Take the lines from the one with "德龙烟铁路海铁联运跨省新通道全线贯通" to the end of the listing, both ends included, and quote them exactly, leaving pictures out.

─── DATA FOR THIS TASK

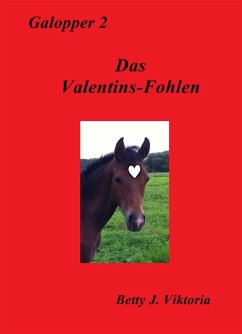 Das Valentins-Fohlen (eBook, ePUB) - J. Viktoria, Betty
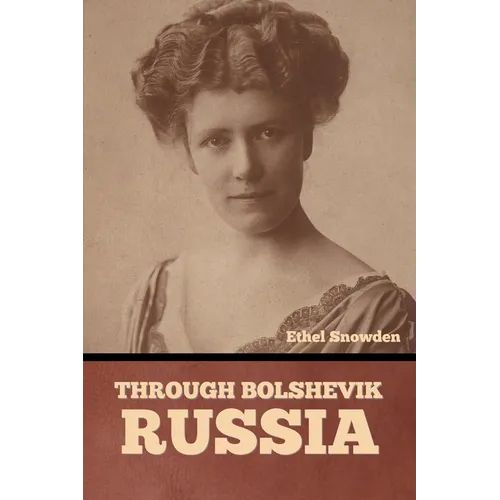 Through Bolshevik Russia - Paperback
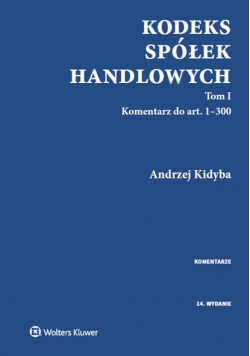 Kodeks spółek handlowych Komentarz Tom 1 i 2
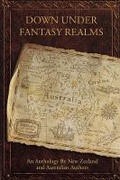 Cover: Down Under Fantasy Realms - Bookbaby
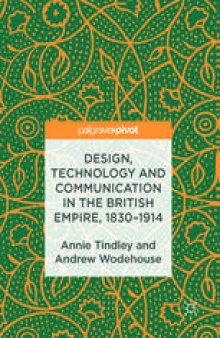 Design, Technology and Communication in the British Empire, 1830–1914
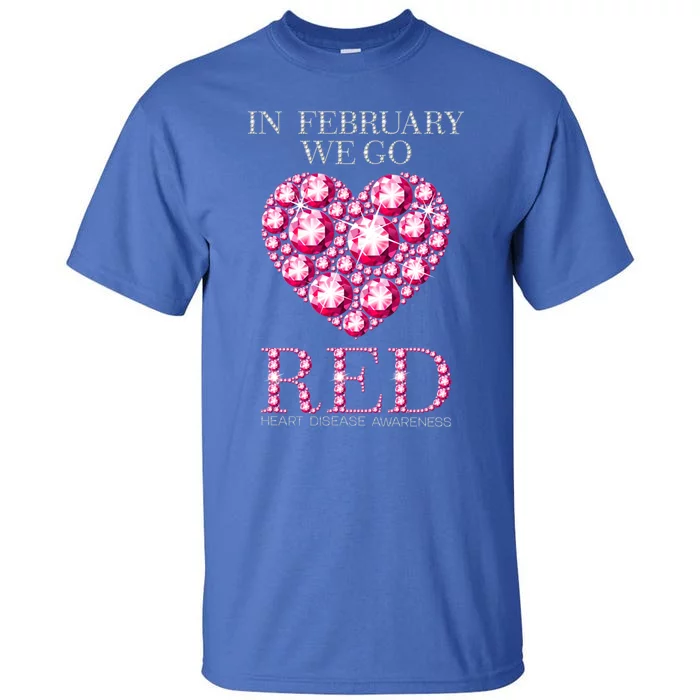 In February We Go Red Heart Disease Awareness Health Month Gift Tall T-Shirt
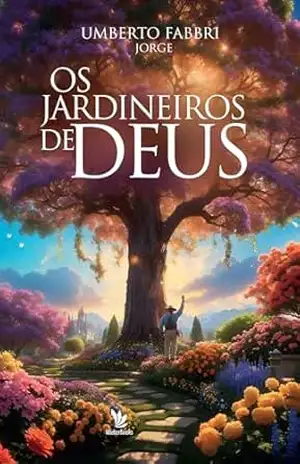 Os Jardineiros de Deus - Umberto Fabbri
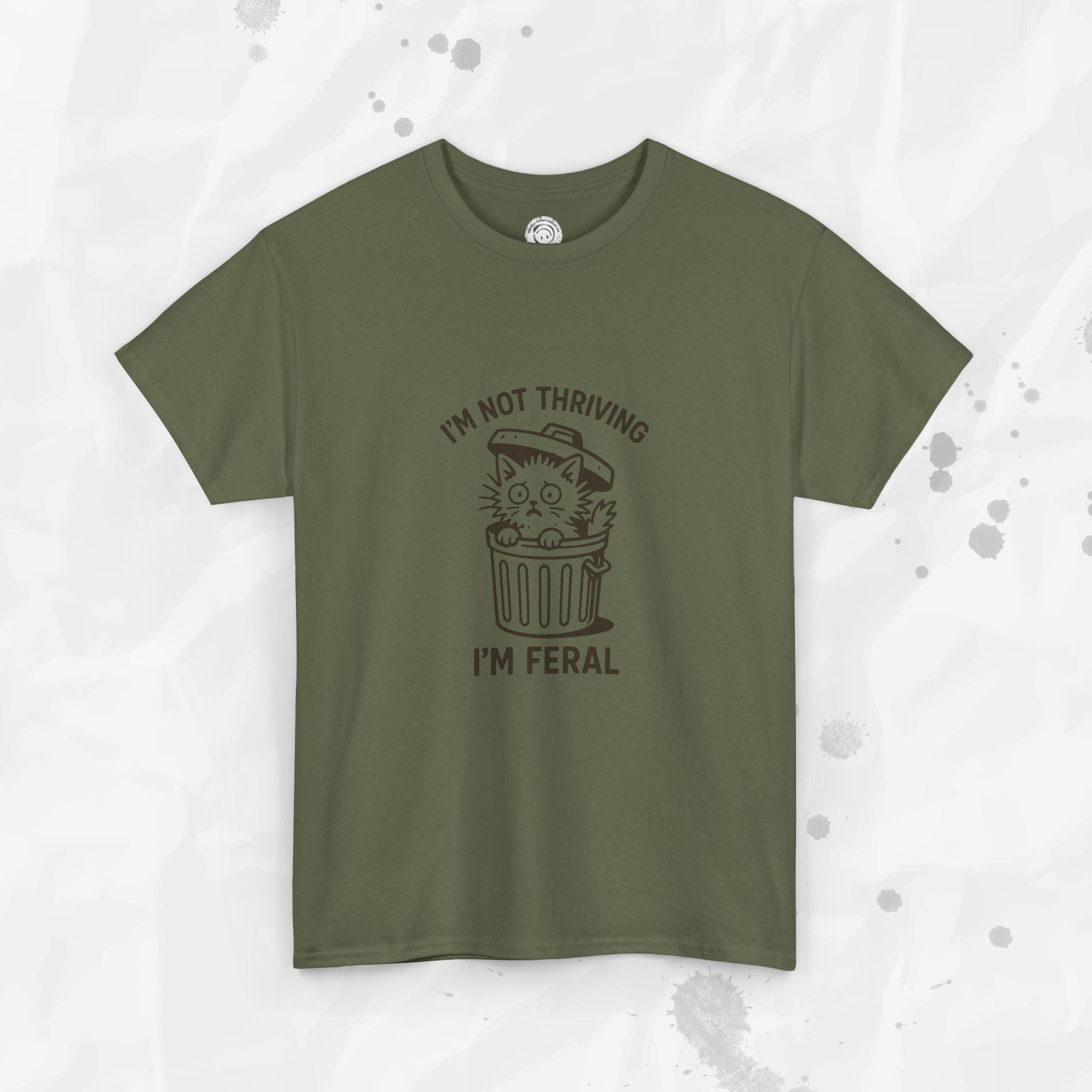 I'm Not Thriving I'm Feral - T-Shirt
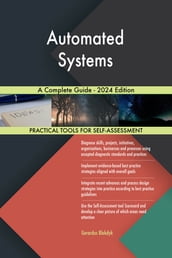 Automated Systems A Complete Guide - 2024 Edition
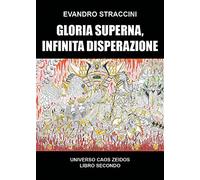Gloria Superna, Infinita Disperazione - Universo Caos Zeidos libro secondo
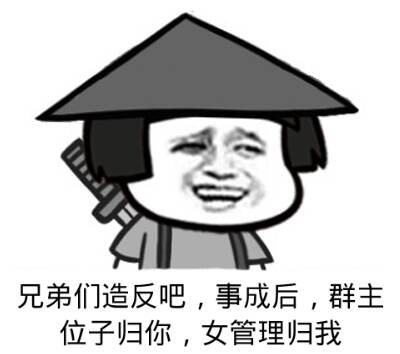 兄弟们造反吧，事成后，群主位子归你，女管理归我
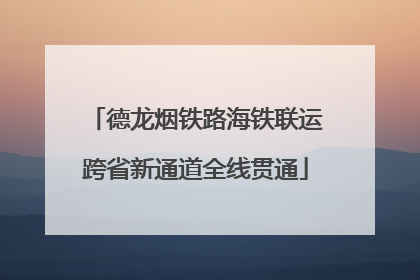 德龙烟铁路海铁联运跨省新通道全线贯通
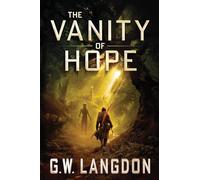 The Vanity of Hope: 1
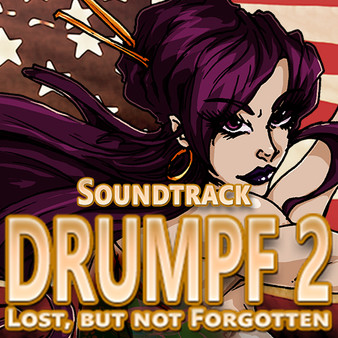 Drumpf 2: Lost, But Not Forgotten! - Soundtrack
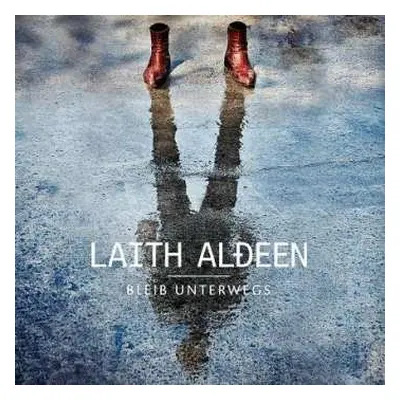 CD Laith Al-Deen: Bleib Unterwegs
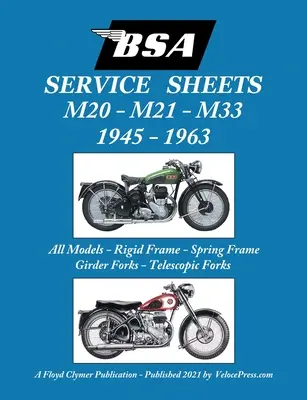 BSA M20, M21 et M33 'Service Sheets' 1945-1963 pour tous les modèles rigides, à cadre à ressort, à poutre et à fourche télescopique - BSA M20, M21 and M33 'Service Sheets' 1945-1963 for All Rigid, Spring Frame, Girder and Telescopic Fork Models
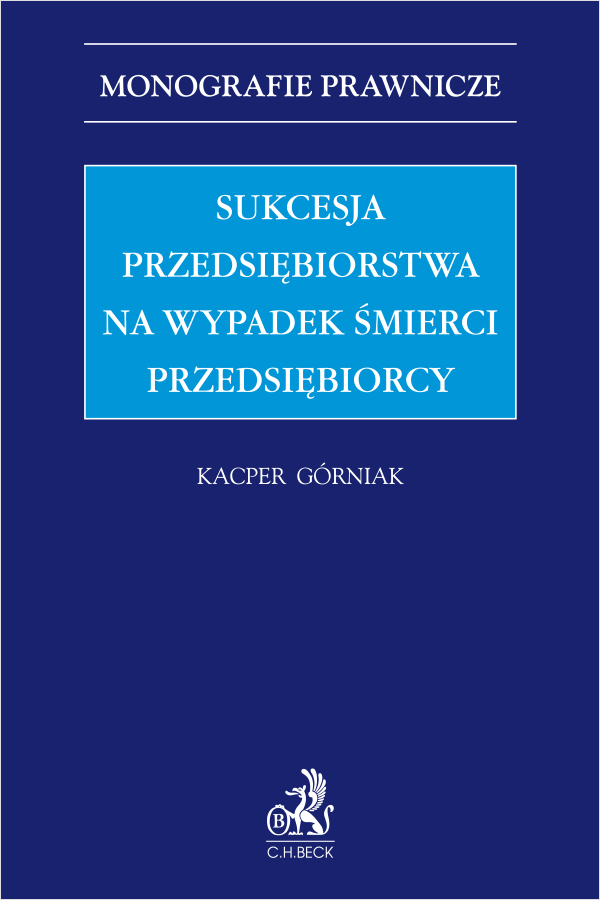 Sukcesja przedsiębiorstwa na wypadek śmierci przedsiębiorcy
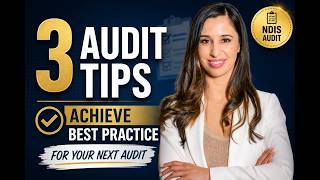 3 Tips to Achieve Best Practice Standards in Your Next NDIS Audit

──────

◆ OUTPUT:
 德龙烟铁路海铁联运跨省新通道全线贯通
 The Vanity of Hope: 1
 Drumpf 2: Lost, But Not Forgotten! - Soundtrack
 CD Laith Al-Deen: Bleib Unterwegs
 BSA M20, M21 et M33 'Service Sheets' 1945-1963 pour tous les modèles rigides, à cadre à ressort, à poutre et à fourche télescopique - BSA M20, M21 and M33 'Service Sheets' 1945-1963 for All Rigid, Spring Frame, Girder and Telescopic Fork Models
 Sukcesja przedsiębiorstwa na wypadek śmierci przedsiębiorcy
 3 Tips to Achieve Best Practice Standards in Your Next NDIS Audit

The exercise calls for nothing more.